Em meados de janeiro de 2021, no dia em que Portugal registava novos máximos diários de mortalidade, o diretor de serviço de medicina intensiva de um hospital apelava ao encerramento das escolas. Dizia ser “uma medida “contra” a sua “convicção natural”, mas “essencial” num momento preocupante:

“Advogo o encerramento das escolas na totalidade. Isto é algo completamente contra o meu coração. Defendo isso porque estamos numa situação hiper grave (…) temos agora a nova variante do vírus que parece ter maior transmissibilidade entre os mais novos do que a variante mais comum. Já se perderam alguns dias preciosos”.

O clínico mostrava-se crítico da ideia de que o confinamento destruía a economia:

“É o mau desconfinamento que leva ao ‘lockdown”. Não existem razões socioeconómicas para não aderir ao confinamento”. 

Defensor de uma boa comunicação e de mensagens não contraditórias, esse médico instou os líderes a sensibilizarem os cidadãos com esta mensagem:

“A resposta à pandemia é a montante, ou seja, no comportamento. Espero que a sociedade perceba que tem de confinar”

Entretanto, o ministro da educação, deixava bem claro que as escolas deveriam ficar abertas, alegando que o seu encerramento iria prejudicar “irremediável e precipitadamente” o percurso de aprendizagem dos alunos mais frágeis. 

Um ministro ignorante das coisas da medicina contrariava as autoridades de Saúde. E até mesmo da Educação, porque, quer os alunos “mais frágeis”, quer os “mais fortes” e os “mais ou menos fortes e fracos”, seriam efetivamente prejudicados pelo regresso às aulas. Na escola da ensinagem, todos saiam prejudicados, do “mais fraco” (no dizer do ministro) ao “mais forte”. 

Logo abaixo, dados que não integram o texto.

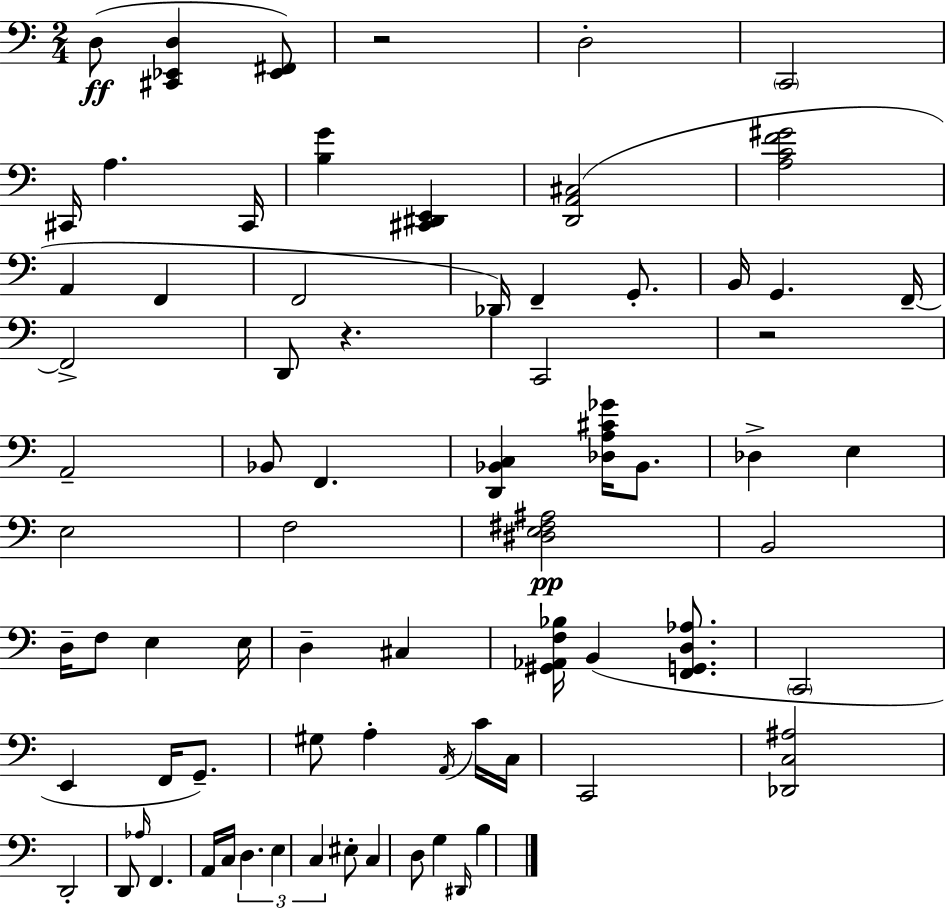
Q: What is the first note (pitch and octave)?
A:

“O custo do encerramento das escolas é bem superior ao risco” – afirmava o equivocado ministro. 

O país estava a passar por uma onda de frio. Temperaturas negativas marcaram o janeiro de há vinte anos, tempo propício à propagação do vírus. Para além dos malefícios da ensinagem, a reabertura das escolas era causa de outros malefícios. E muitas mães se insurgiram contra o devaneio ministerial. De uma delas recebi esta mensagem:

“As crianças estão a passar muito frio nas salas de aula. Com o frio, nem conseguem pensar. Ontem, tive de ir comprar um casaco ainda mais quente para o meu filho. Quando o fui buscar, era já noite e estavam cinco graus na rua. O meu filho tinha os dedos dormentes do frio, não os conseguia mexer. Como pode uma criança aprender nesse estado? O conforto é um dos estados fundamentais para que o corpo a mente e o espírito estejam ativos. 

Quando não deixam que fechem as portas e as janelas das salas, as crianças podem não ficar infetadas com covid, mas muitas vão ficar constipadas nestas condições de gelo. Como é que este governo não consegue entender?” 

No Brasil, a gestão da crise era caótica. Políticos trocavam acusações. Uns diziam que autoridades locais deixaram acabar o oxigênio e que pessoas morreram asfixiadas, em decorrência desse fato. Outros desistiram de aconselhar vermífugo antes considerado eficaz contra o vírus. Ninguém se entendia. E a manipulação política da crise fazia com que o número de vítimas da covid-19 aumentasse assustadoramente. 

Em janeiro, estávamos colhendo os efeitos das grandes aglomerações do Natal e do Ano Novo. Num país à deriva, o desgoverno e a inconsciência de grande parte da população produziram uma tragédia de que, somente hoje, à distância de vinte anos, somos capazes de avaliar. E foi mesmo uma tragédia. Uma tragédia evitável… se fosse outra a educação, se outra fosse a escola.